We have a plan to implement this after #6547 is done.

You are still welcome to take the issue, but I suggest you make a proposal first so we can review it and give some advice since this is an important infrastructure for the optimizer.

AngleNet commented 1 year ago

Great. I will write a proposal on this.

BohuTANG commented 1 year ago

Can this function be optimized? https://github.com/datafuselabs/databend/issues/7468

AngleNet commented 1 year ago

Can this function be optimized?

7468

I think so. I will consider it inside the proposal.

andylokandy commented 1 year ago

7468

This is about CSE optimization. Is it included in functional dependency optimization?

AngleNet commented 1 year ago

7468

This is about CSE optimization. Is it included in functional dependency optimization?

HI. I think we could do this via functional dependency. What do you mean by CSE optimization?

andylokandy commented 1 year ago

CSE is abbr of Common Subexpression Elimination. Let's explain with an example: Given query SELECT max(a+1), (a+1)/2 FROM t1, the CSE optimizer can rewrite it into SELECT max(b), b/2 FROM (SELECT a+1 AS b FROM t1). The actual implementation usually is adding a column for the sub-expression and then hiding it in the top projection, without constructing such sub-query.

I'm not familiar with functional dependency, but from the very limited knowledge I've learned from the wiki, functional dependency is discovered from the relation between data of different columns and can be broken during updates on data.

AngleNet commented 1 year ago

@andylokandy @BohuTANG Sorry. After some investigations, I think I was wrong about doing CSE optimization (the duplicate json_parse elimination) via functional dependency analysis. It's basically another problem to solve. For CSE optimization, I think we could build a common sub-expression collector and rewrite project list or predicate conditions in a select-where-from block via discovered CSEs. The basic idea of the CSE collector is to rewrite each expression in a canonical form which uniquely identify a set of semantically equal expressions, search CSE as visiting it. If the leaf node of an expression is a column during canonical form rewriting, rewrite it to its equivalent column with smallest column id according to an equality inferrer which could be used to infer whether two columns are equal.
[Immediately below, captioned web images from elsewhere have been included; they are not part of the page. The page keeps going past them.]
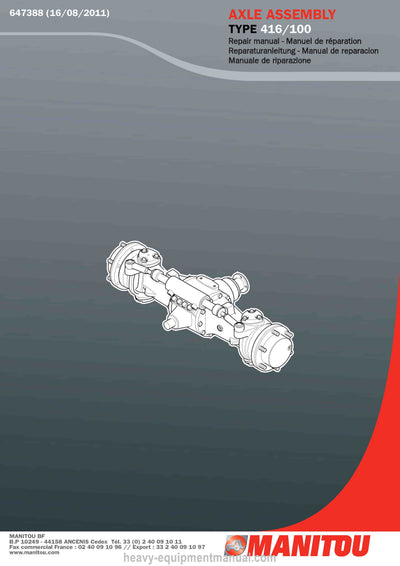 Manitou Axle Bridge 416-100 since sn 154342 Repair Manual 647388 2011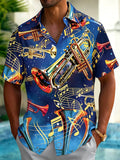 Oceanlyte Men's Hawaiian Trumpet Musical Notes Print Short Sleeve Shirt with Chest Pocket
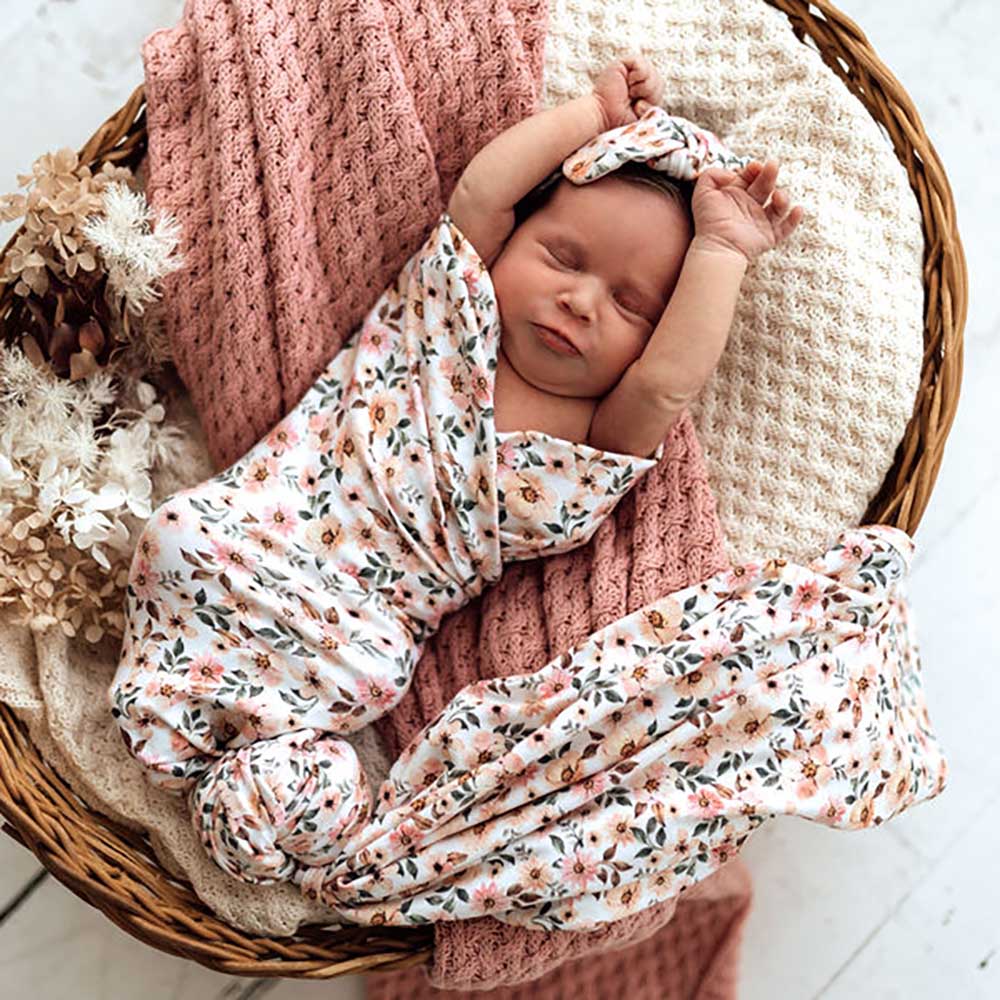 Spring Floral Jersey Wrap Birth Announcement Set - Image 3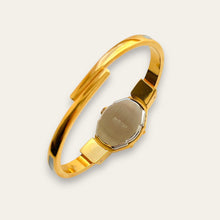 Load image into Gallery viewer, Vintage André Mouche Peek-a-Boo Quartz Watch - Light Blue Floral Design
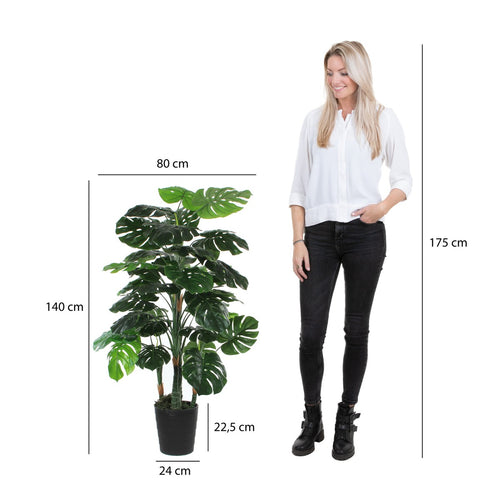 Mica Decorations Monstera Kunstplant - H140 x Ø80 cm - Groen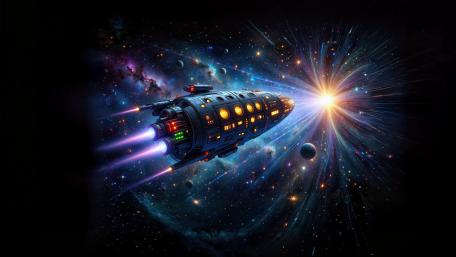 Spaceship Approaching Pulsar wallpaper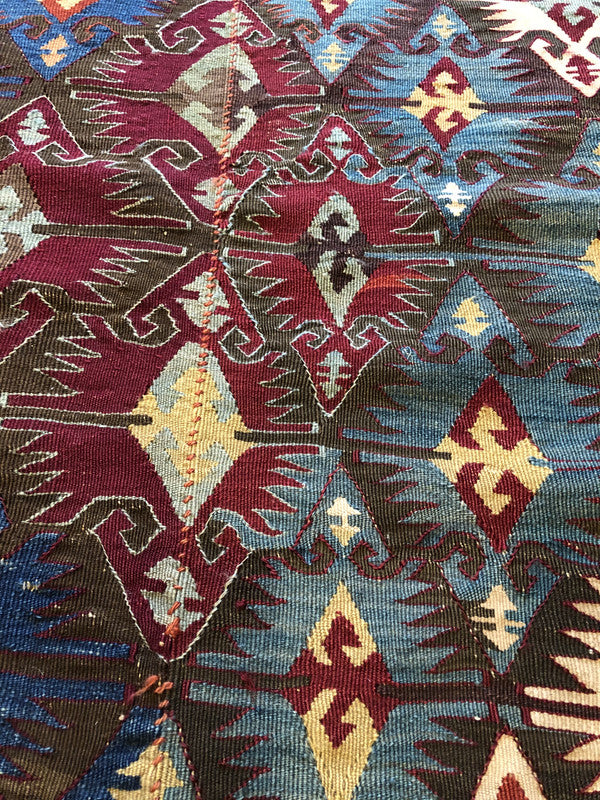 13'7" X 5'1" Antique 19th Century Anatolian Kilim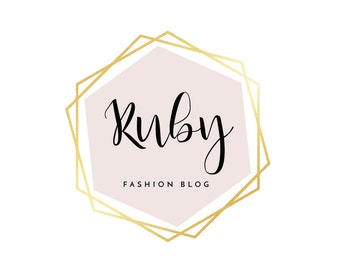 Pre-made Logo Design | 'Ruby' | Hexagon Logo | Photography Logo | Blog Header | Gold foil |Business Branding | Branding Design | Custom logo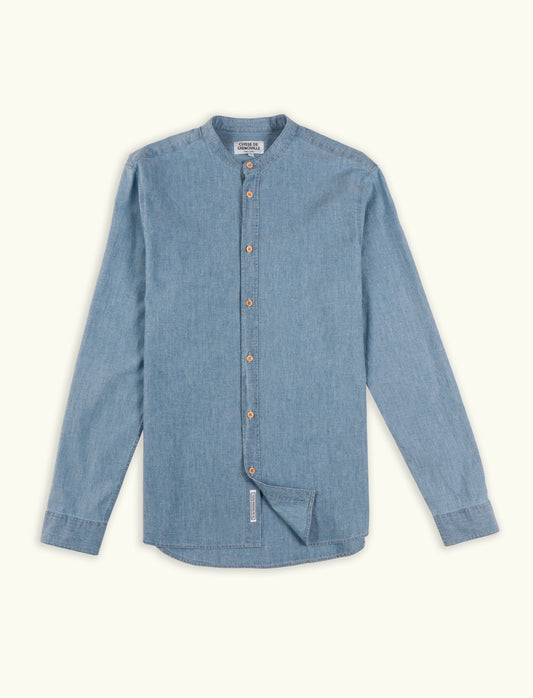 CHEMISE COL MAO EN CHAMBRAY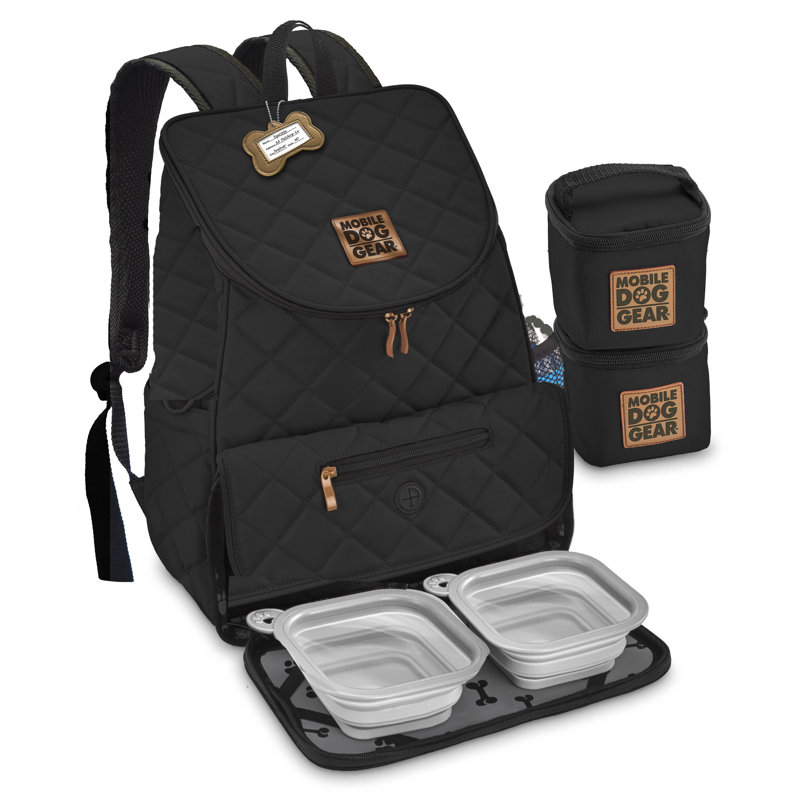 Black Quilted Rolling Dog Carrier Backpack with Accessories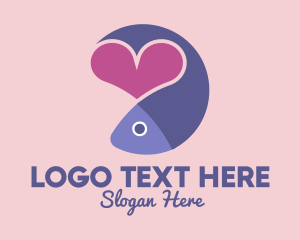 Pet - Violet Fish Heart logo design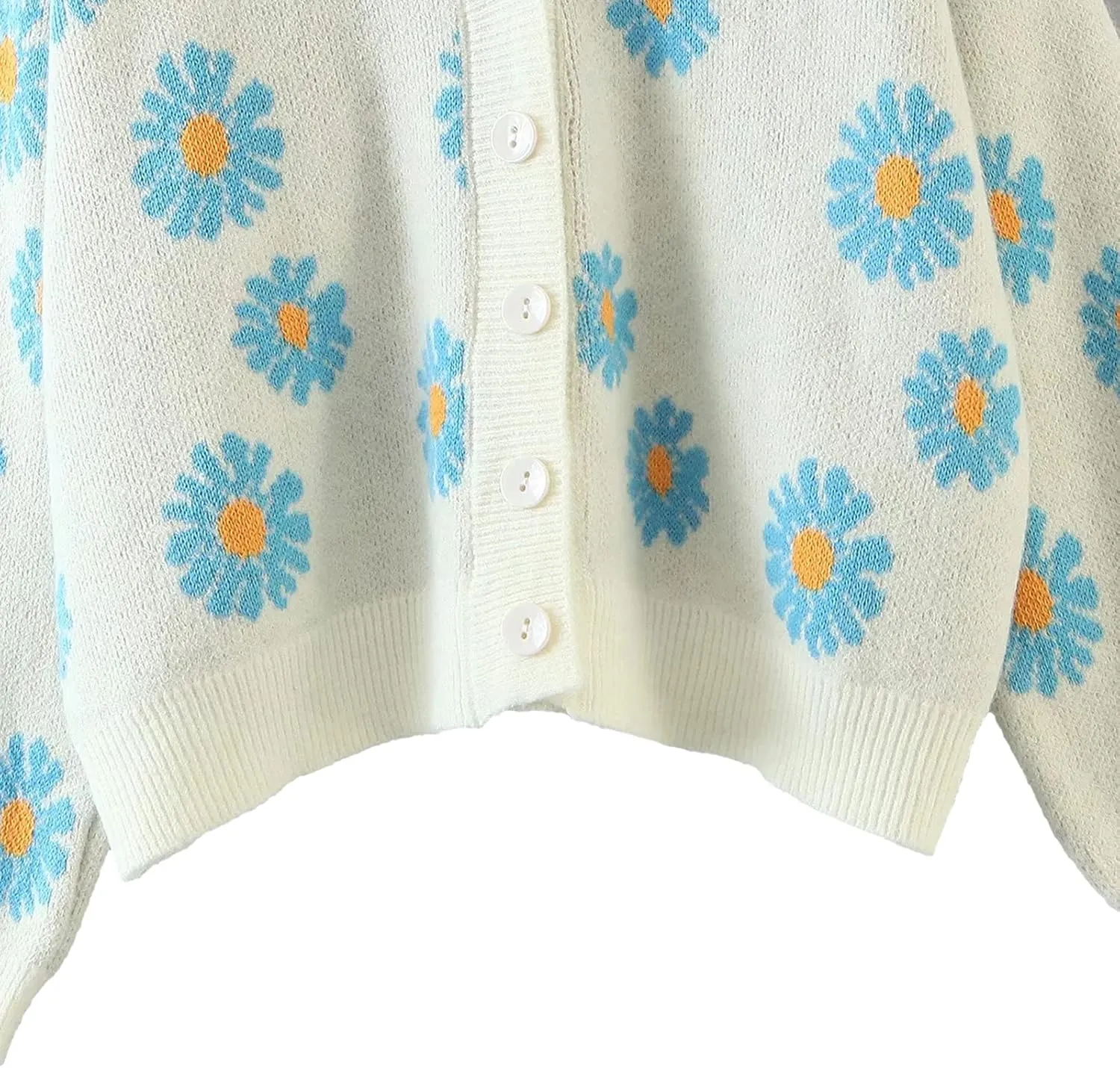 Women Y2K Floral Print Knit Cardigan Sweater Long Sleeve V Neck Button Down Sweater Vintage Aesthetic 90s Outerwear Tops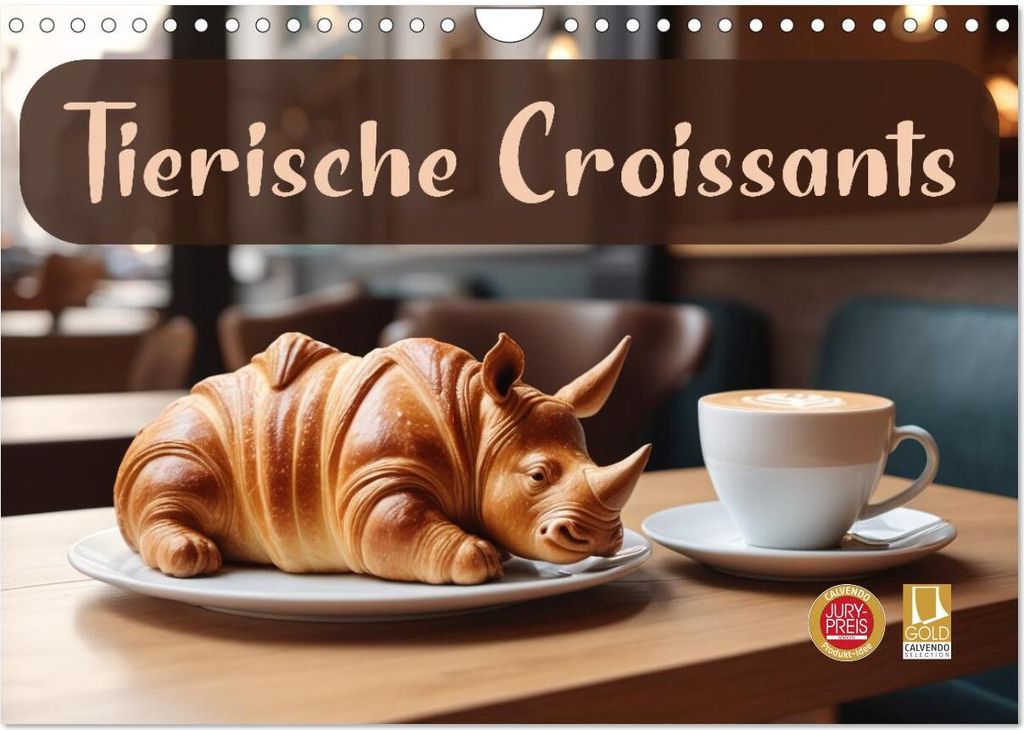 Tierische Croissants (Wandkalender 2026 DIN A4 quer), CALVENDO Monatskalender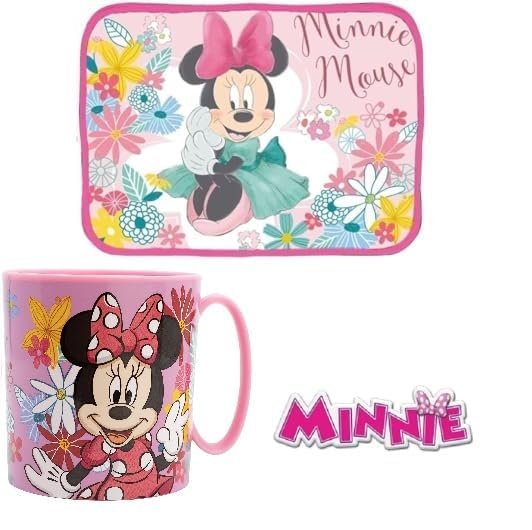 Set Colazione Merenda 2 Pezzi con Tovaglietta Ripiegabile Morbida Sottopiatto Pieghevole e Tazza Bicchiere 350ml  Microonde  MINNIE MOUSE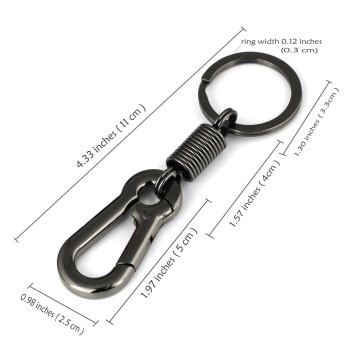 Maycom Retro Style Simple Strong Carabiner Shape Keychain Key Chain Ring Keyring Keyfob Key Holder Black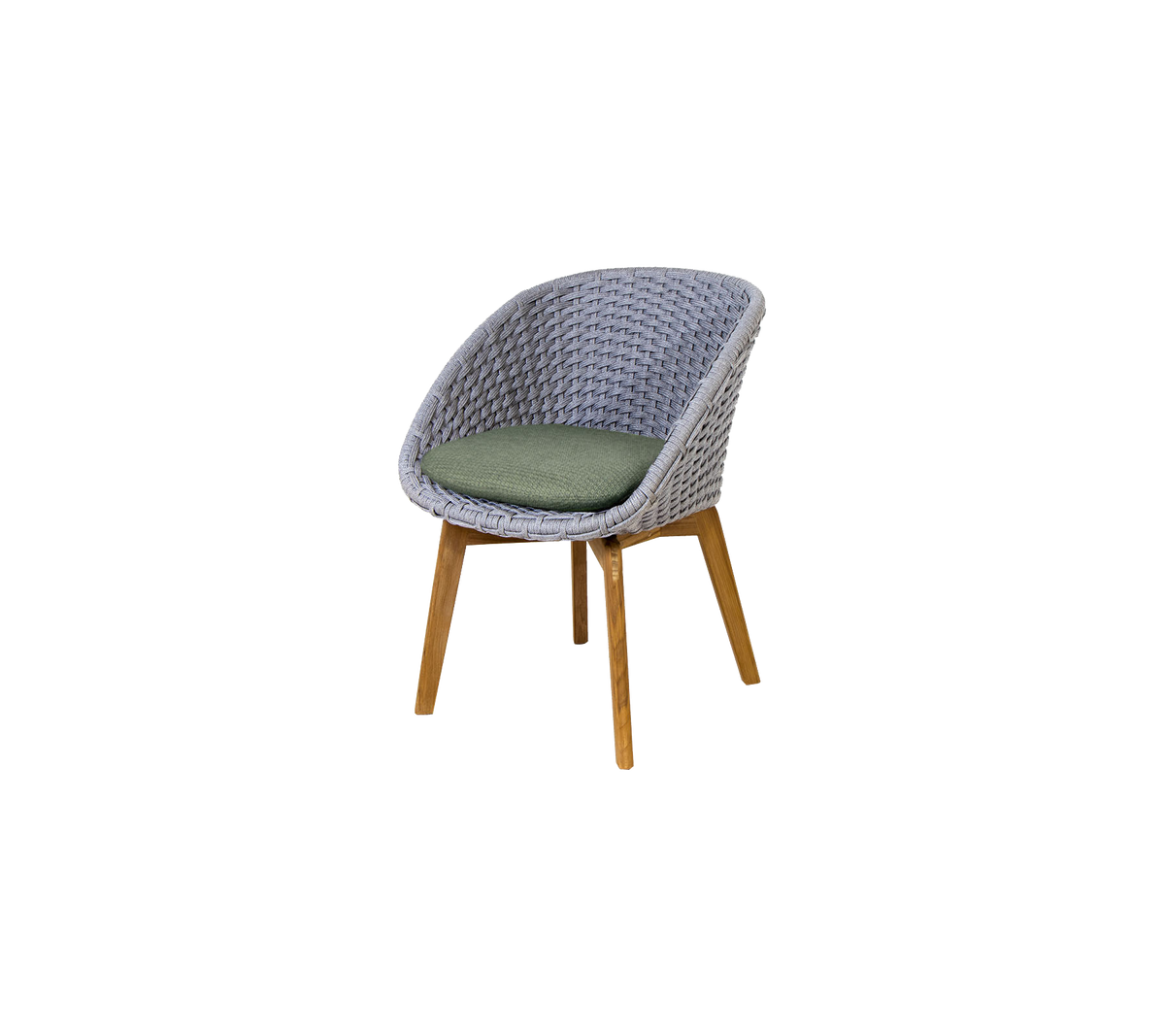 Peacock chair Light grey Soft Rope w/teak by Cane-line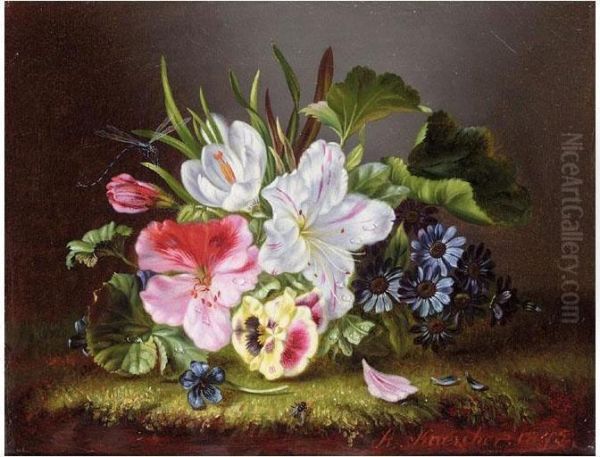 Still Life Of Flowers Oil Painting by Kaercher Amalie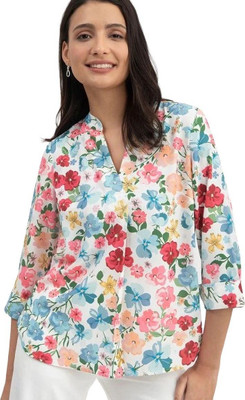 AARVI Casual Floral Print Women White, Blue Top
leiysky commented 1 year ago

@AngleNet I've read your proposal, but would you mind putting the document into a GitHub issue so we can review it without login Tencent account?

AngleNet commented 1 year ago

@AngleNet I've read your proposal, but would you mind putting the document into a GitHub issue so we can review it without login Tencent account?

Good. I will put it in a issue later.

AngleNet commented 1 year ago

@AngleNet I've read your proposal, but would you mind putting the document into a GitHub issue so we can review it without login Tencent account?

Good. I will put it in a issue later.

The draft doc is #7693